::: The records :::

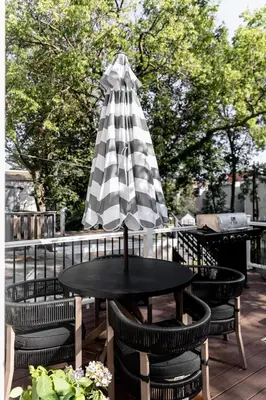 a table and chairs with an umbrella on a patio at Quiet close to NYC BBQ Deck in Jersey City
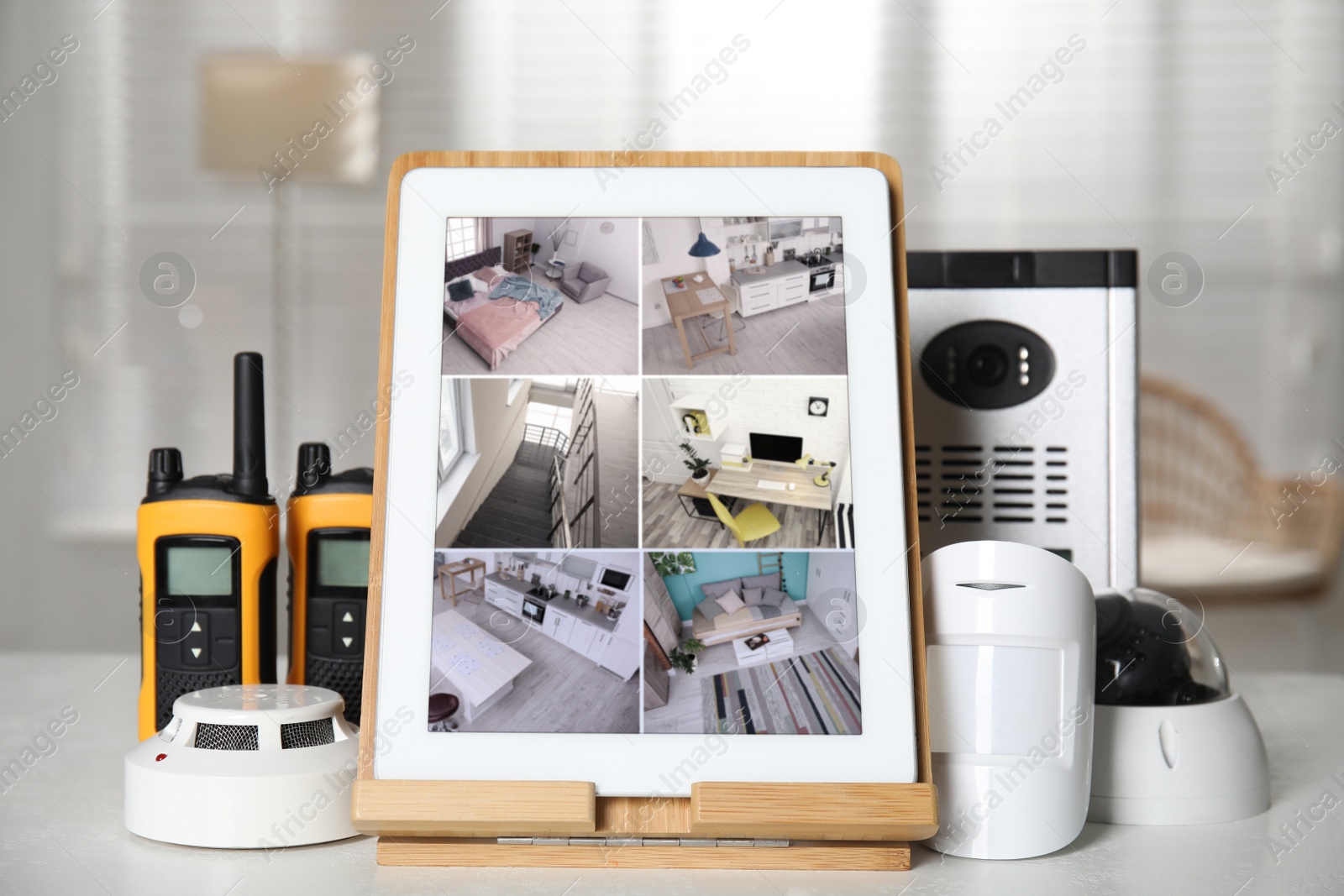 Photo of Tablet with view from CCTV cameras and different equipment for home security system on white table indoors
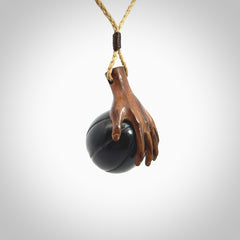 This is a very cool pendant that we've had carved for all you Basketball fans. This is a pendant with a wooden hand holding a black jade basketball. We provide this on an adjustable cord, and we ship worldwide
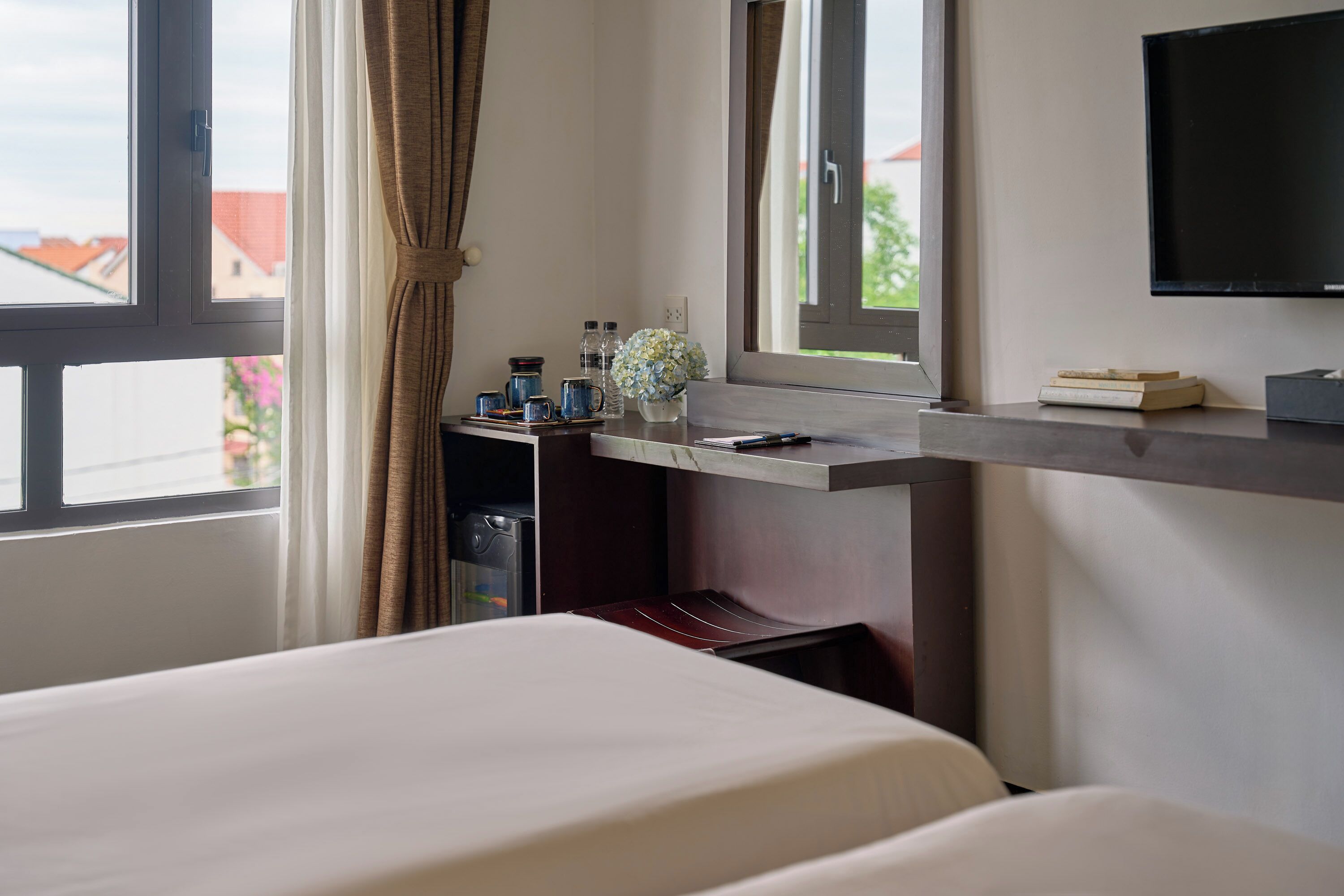 A hotel room with a bed, a desk with a computer, a TV, and a window with curtains.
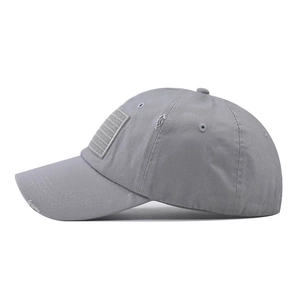 Detail of distressed grey washed cotton baseball cap with embroidered USA flag patch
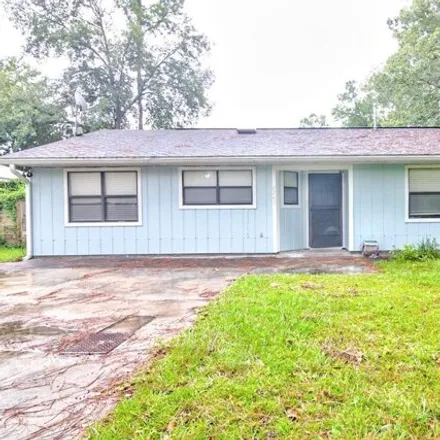 Buy this 4 bed house on 2299 Northwest 42nd Avenue in Gainesville, FL 32605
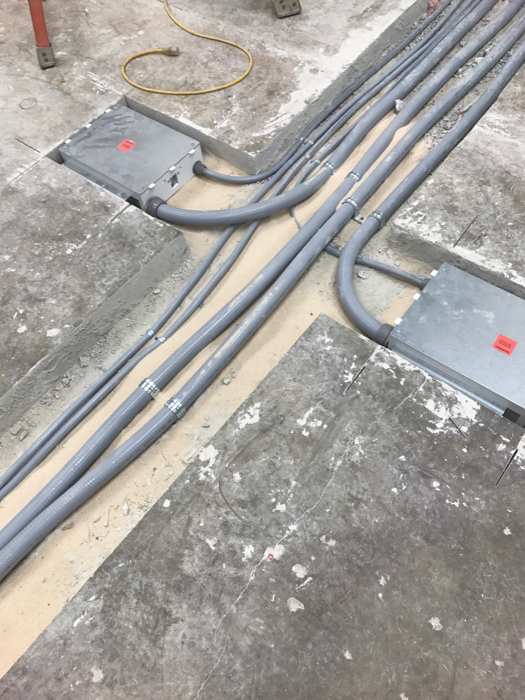 Clean conduit runs and floor-box infrastructure before final finish.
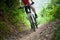 Cyclist legs riding Mountain Bike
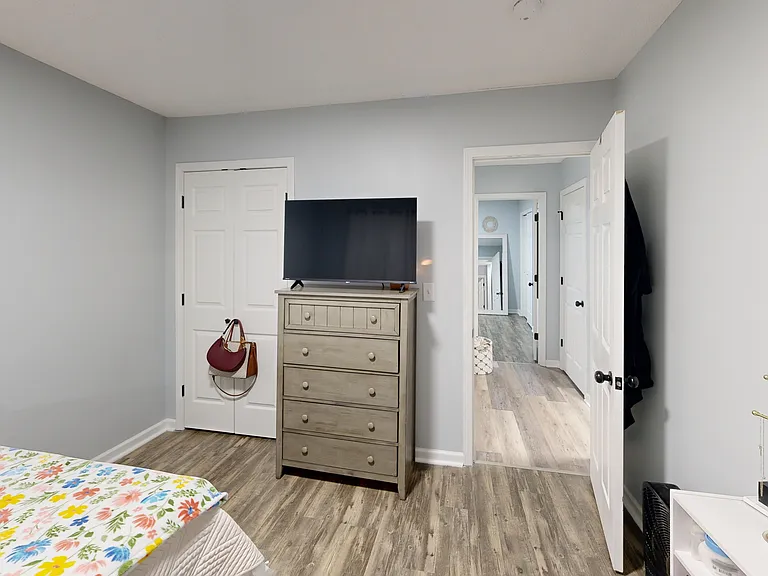 Bedroom two with reach-in closet. Photo is of a similar unit; available unit has the same floorplan. Furniture and decor not included.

:::

# Requirement
I'd like the data above duplicated exactly, with no pictures included.

# Result for this task
 a table and chairs with an umbrella on a patio at Quiet close to NYC BBQ Deck in Jersey City
 Photo of Tablet with view from CCTV cameras and different equipment for home security system on white table indoors
 This is a very cool pendant that we've had carved for all you Basketball fans. This is a pendant with a wooden hand holding a black jade basketball. We provide this on an adjustable cord, and we ship worldwide
 A hotel room with a bed, a desk with a computer, a TV, and a window with curtains.
 Detail of distressed grey washed cotton baseball cap with embroidered USA flag patch
 Buy this 4 bed house on 2299 Northwest 42nd Avenue in Gainesville, FL 32605
 Clean conduit runs and floor-box infrastructure before final finish.
 Cyclist legs riding Mountain Bike
 Bedroom two with reach-in closet. Photo is of a similar unit; available unit has the same floorplan. Furniture and decor not included.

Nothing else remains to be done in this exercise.